Provided entries:
++++
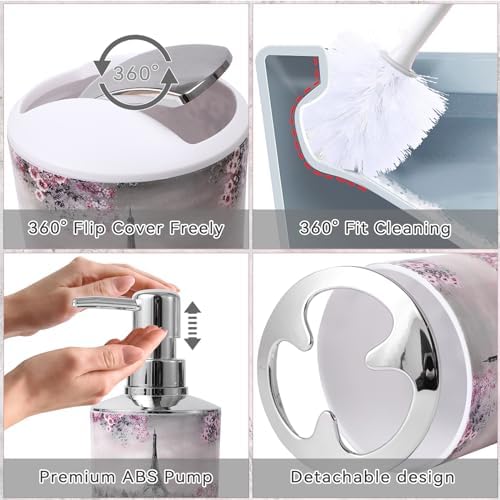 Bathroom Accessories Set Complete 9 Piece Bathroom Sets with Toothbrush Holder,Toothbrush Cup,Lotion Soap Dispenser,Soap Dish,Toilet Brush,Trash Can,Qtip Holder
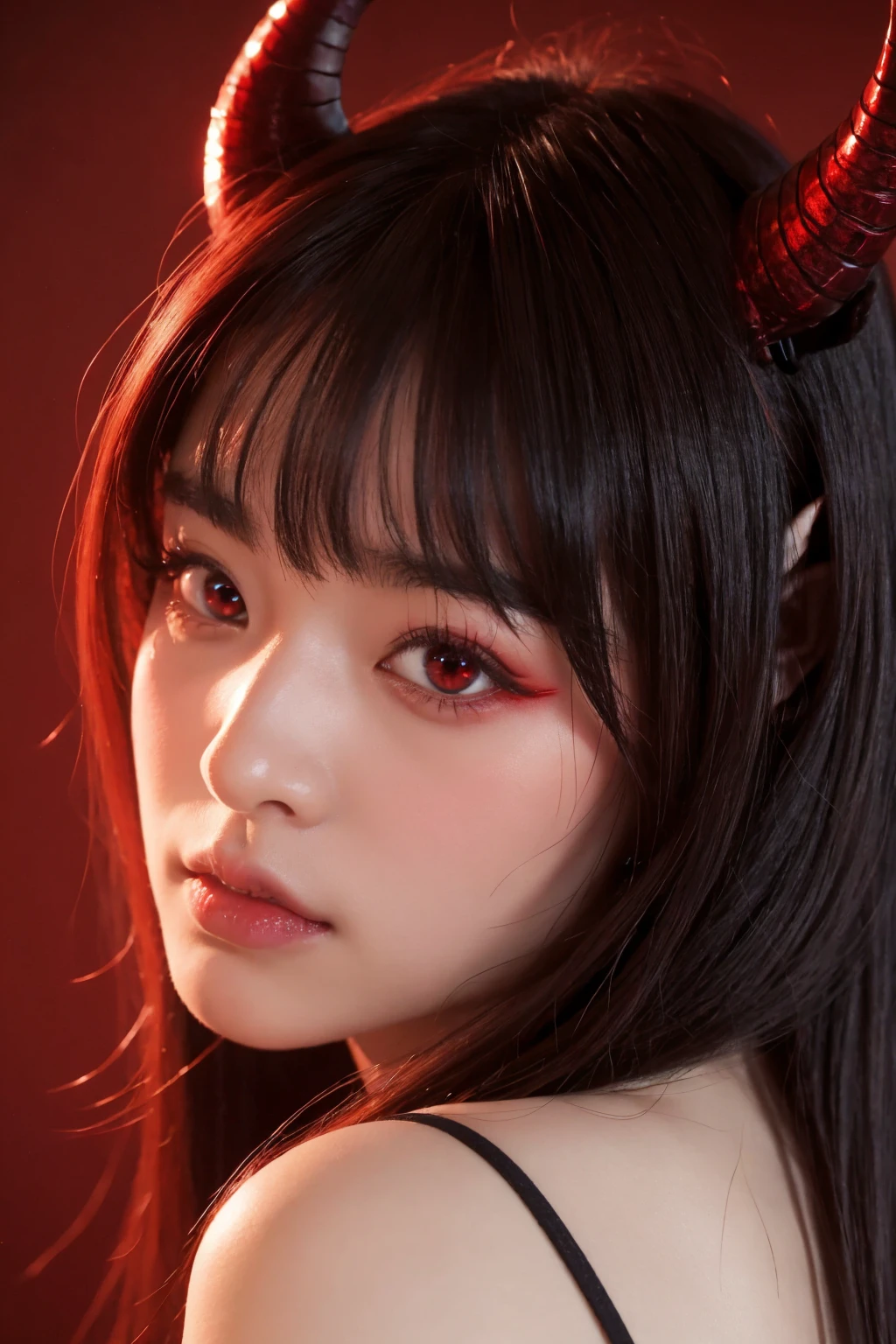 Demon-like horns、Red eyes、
++++
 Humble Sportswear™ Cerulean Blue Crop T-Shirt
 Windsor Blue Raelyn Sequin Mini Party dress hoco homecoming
++++
Problem to solve:
Using the material above, return each line in which the word "Blue" occurs.

Answer to the exercise:
 Humble Sportswear™ Cerulean Blue Crop T-Shirt
 Windsor Blue Raelyn Sequin Mini Party dress hoco homecoming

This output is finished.